Doug and Lisa Quick gave birth a solid citizen. Doug, a route salesman for Entenmann's bakery and does construction work on the side, knows the value of hard work.
Hard work and an attitude adjustment were necessary to build the goaltender we know as Quickie. Jonathan was a third-round pick, 72nd overall, in the 2005 NHL Entry Draft. Drafted by Dave Taylor and left to Lombardi. Quick led Avon Old Farms to consecutive New England prep school championships in his last two years of high school, compiling a 45-3 record. In two years at the University of Massachusetts-Amerst, he took to within of the Final Four -- losing to the University of Maine.
Lombardi recalled a saying that goaltending guru Warren Strelow told him when they were both in San Jose, whether it was with Miikka Kiprusoff or Evgeni Nabokov.
"Warren would say, 'Don't try to evaluate Quick. With goalies ... you never know.' So much is (pointing to the head). That's why you see so many first- and second-round picks that don't pan out."
So, Lombardi left the analysis to his goaltending experts. But, still, he said, "Every year, he was always a great competitor, always a great athlete -- probably our best athlete on the conditioning chart. He's got that -- you could see right away -- that swagger. Got a little (goalie Ron Hextall) Hexy in him.
"Jonathan's a maverick. He's a real battler."
Hextall was there at watching the Manchester farm club with Lombardi in the 2007-08 season.
"Stylistically, he had lots of work to do," Hextall remembered. "He was very clean, but you could see the holes ... and we could see the upside. Allowed him to be the athletic goalie that he is. But ..."
During that 2007-08 season, Quick was guilty of sleeping in instead of meeting with Kim Dillabough, who was being sent to Manchester to work with Jonathan. Hextall and Bill Ranford, Kings goaltending coach, let the young goaltender that would never happen again. They also demoted Quick to Reading of the East Coast Hockey League as a consequence of the sleep-in.

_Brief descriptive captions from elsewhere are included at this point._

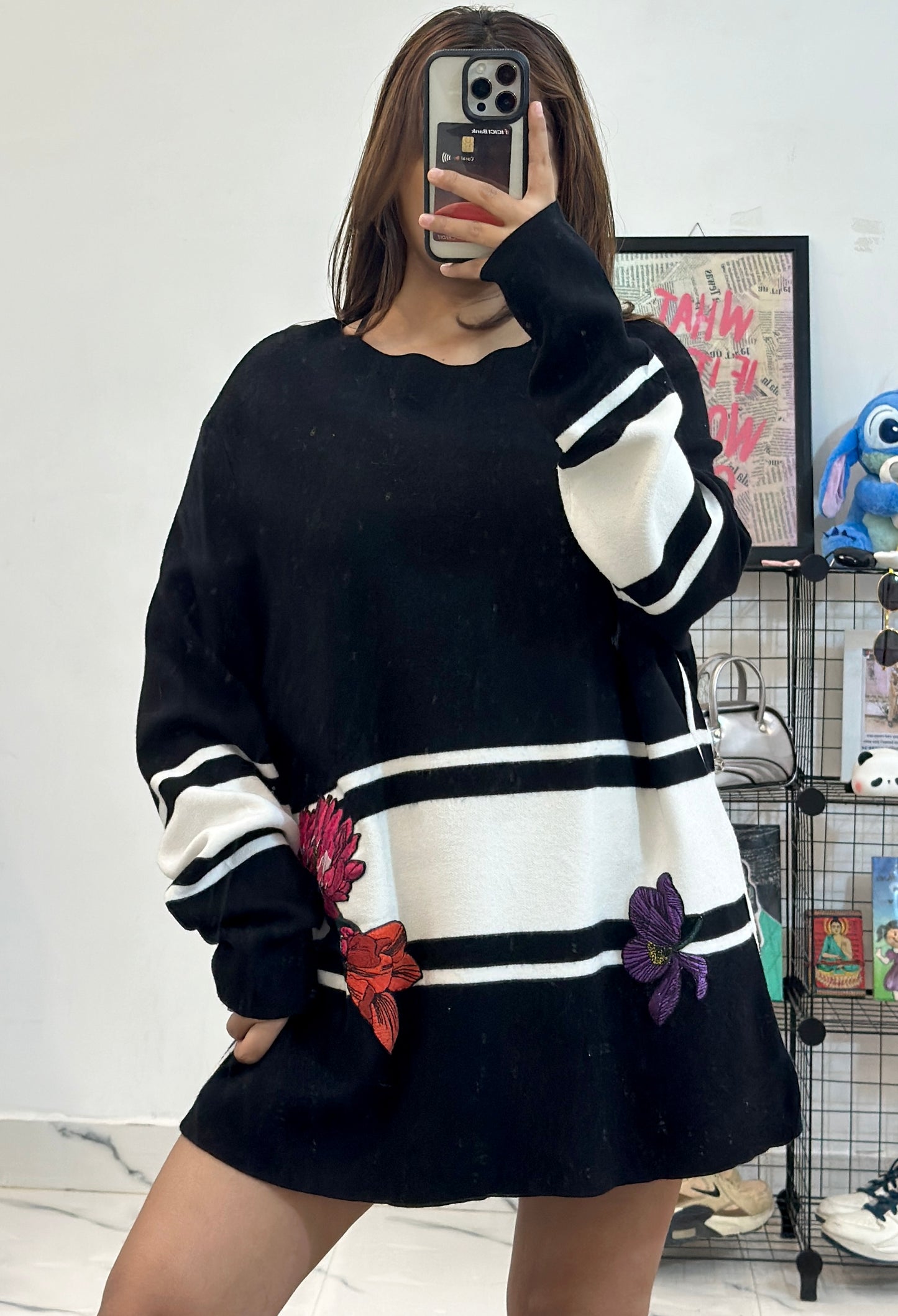 Oversized Korean sweater (46-48)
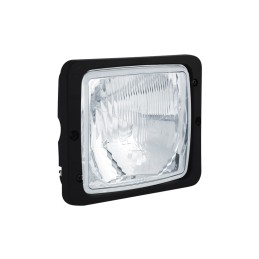 H4 tipo priekinis žibintas su rėmu 172x142 re 22889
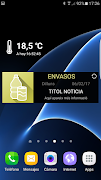Eco Widget ảnh chụp màn hình 1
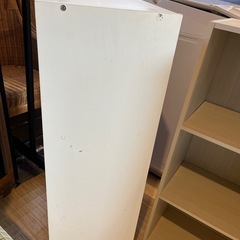 三段ボックス　カラーボックスの画像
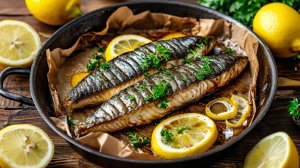 Селёдка жареная ☆ на сковороде ☆ в бумаге ☆ рецепты СССР.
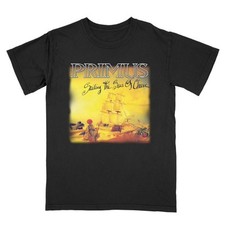 Authentic Primus Sea of Cheese Logo Slim-fit T-Shirt S M L XL 2XL NEW picture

"I learned a lot. I played a lot of games down there and saw a lot of pucks and kind of got an understanding for the professional level," said Quick. "Maybe I wasn't too happy to go down at first, but looking back at it I learned a lot down there and it helped my game."
Hextall said that Quick needed to learn to become a pro.
Said Ranford, "He was very athletic. Pure atheleticism. Cleaning up the technical side of his game and utilizying the athletic skill as a plus.
"He's a real student of the game. He's special that way, in that you can talk about things in the morning and he'll be trying it that night.
"He showed great athletic ability and flexibility. Strong legs."
Quick's style includes elements of the traditional stand-up approach, which relies on reflexes; a hint of butterflying, which relies on positioning; and one wrinkle -- in which he puts the paddle of the goal stick flat across the crease to take away the low shot. Quick can do the latter because of his leg strength -- a speedy post-to-post leg push.
"That flexibility and leg strength is what is key to me," coach Darryl Sutter said. "He reminds me of Miikka Kiprusoff. So good on all shots along the ice ... plus he's got a crab-like quality of getting to the high shots, too.
"What he is best at is being a teammate, fitting in with the team -- not somewhere else like a loner."
There's a lot beneath and behind the mask of Jonathan Quick. He keeps his answers short. He refuses to look at the historical context. He says all he cares about is the next game, nothing else. "I feel I've tried to give my team a chance to get the 'W' every night," he said. "I think from a goalie's standpoint, that's your job."
That's it. That's Quick.
"He never quits on a puck," said St. Louis coach Ken Hitchcock. "He's like an old-school goalie. He reminds me a little bit of Marty Brodeur, because he just never quits on a puck."
About his own evolution, Quick shrugged: "It's just kind of a natural progression that everyone goes through. You pick up experience, and two more years of coaching at this level pays dividends. It's just a natural progression."
According to Bill Ranford, "He used to use his athletic ability on every save versus just using it when needed. I think that's where his game has evolved the most.
"It's kind of the pot calling the kettle black myself, but I learned as I went along that you have to utilize (athleticism) as a tool, not your toolbox. That is the best analogy for him. He needed to get more tools to create a toolbox ... and then this athletic ability that he has, he could utilize it when needed as opposed to using it on every save."
The evolution of Jonathan Quick is a goaltender with swagger. The more success he gets, the better he becomes.